How to run a long task until it ends ?

137 views
Skip to first unread message

nilsl...@gmail.com

unread,
Jun 23, 2015, 2:31:59 PM6/23/15
to google-a...@googlegroups.com
Hi everybody,
I have a long task to run under my App Engine application with a lot of computing. But after a while running the task (~2 minutes), it stops and just retries. Obviously, my task restarts from the beginning and cannot end.
I would like to configure App Engine to run the task until it is finished. I've heard about a 10 minutes limit for the tasks. I guess it should be enough if it didn't retries everytime.

My source code is (hopefully) freely available here : https://github.com/gilbsgilbs/freemobilenetstat-gae . The two tasks under src/main/java/org/pixmob/freemobile/netstat/gae/web/task are problematic (since it computes a lot of data). They are pushed the the queue from a cron under src/main/java/org/pixmob/freemobile/netstat/gae/web/cron/CronServlet.java.

Note that I'm really new to App Engine and that my code might not be optimal. I'm not sure of the exact issue and maybe it is just a memory overflow (which I wouldn't known how to fix).

Thank you !
G.

Chad Vincent

unread,
Jun 23, 2015, 7:00:49 PM6/23/15
to google-a...@googlegroups.com
What are you getting in your logs?  Any uncaught exceptions?

You might want to add some debug logging statements and lower the logging level for a while to see what is happening.  You do get 10 minutes for queries from the TaskQueue, so it isn't a timeout issue.

nilsl...@gmail.com

unread,
Jun 24, 2015, 2:48:07 AM6/24/15
to google-a...@googlegroups.com
Thank you for answering me.

Here is the only log I'm getting :
/task/update-known-devices 500 151600ms 0kb AppEngine-Google; (+http://code.google.com/appengine) module=default version=dev
  1. 0.1.0.2 - - [23/Jun/2015:23:23:07 -0700] "POST /task/update-known-devices HTTP/1.1" 500 0 "http://freemobile-netstat.appspot.com/cron/update-known-devices" "AppEngine-Google; (+http://code.google.com/appengine)" "freemobile-netstat.appspot.com" ms=151600 cpu_ms=3530 queue_name=update-queue task_name=81805458203132447311 exit_code=202 app_engine_release=1.9.22 trace_id=b86eb2915714ad73aae5f54bfbef746d instance=00c61b117c5b3b509e154cd4930e3af3083a8a68
  2. E2015-06-24 08:23:07.492
    A problem was encountered with the process that handled this request, causing it to exit.

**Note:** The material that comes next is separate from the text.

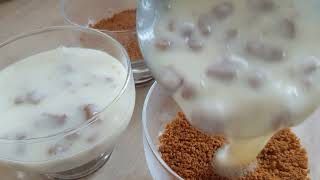 تحلية رائعة سريعة في 10دقائق ببسكويت السبيكيلوس. crème dessert aux speculoos . تحلية باردة سريعة 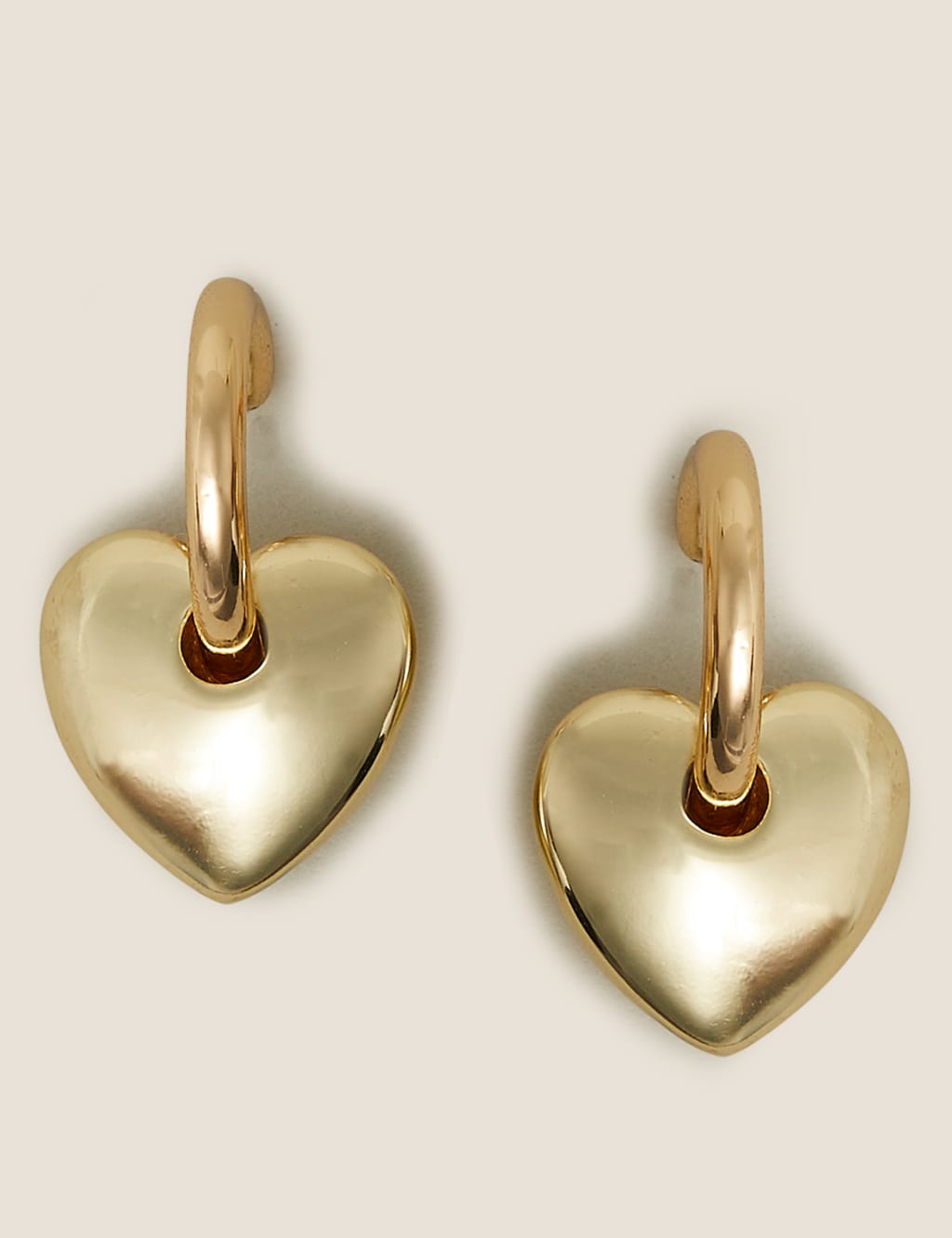 Gold Tone Chunky Heart Hoop Earrings 1 of 1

This is likely to cause a new process to be used for the next request to your application. (Error code 202)
This log appears for each retry (around 3 times per task).

G.

Chad Vincent

unread,
Jun 24, 2015, 4:30:38 PM6/24/15
to google-a...@googlegroups.com
Then I would definitely add more logging so you can see what is and is not getting done before the instance bails.

nilsl...@gmail.com

unread,
Jun 24, 2015, 4:54:19 PM6/24/15
to google-a...@googlegroups.com
Thank you Chad Vincent for your answer.

I added some logging, but it didn't gave me more relevant information. Everything is running fine until the "unexplainable" failure. Therefore, I guess that it is related to a memory issue. It retrieves data and caches until the memory is full and then crashes.

I spent some time tonight reading the Objectify documentation. I came across this: https://code.google.com/p/objectify-appengine/wiki/BasicOperations#The_Session_Cache . It could really be related to my issue. Unfortunately calling ofy().clear() sometimes did not solve anything. Moreover, I read that assigning ObjectifyService.ofy() was a bad idea. But requesting ofy() directly each time I needed it did not help neither.

Any other idea or suggestion is welcome. Thank you :) .
G.

Nick (Cloud Platform Support)

unread,
Jun 25, 2015, 7:08:31 PM6/25/15
to google-a...@googlegroups.com, nilsl...@gmail.com
As mentioned, this can sometimes occur if you begin exhausting instance memory. You could try to do one of the following actions to alleviate such a problem:
  • If your task processing contains a loop, on each iteration (or every N iterations, or even using time-based logic if you'd like), you can test the amount of memory usage and back off on processing / shift a portion of procession to another instance if you're getting too close to the limit. You could also use (for manual scaling instances), a background-thread to monitor this.
  • Break the task into smaller portions and distribute them among instances which can handle the load
  • Determine whether it truly is memory exhausting causing the instances to spin down by combining your own profiling with the information available from the Developers Console logs view.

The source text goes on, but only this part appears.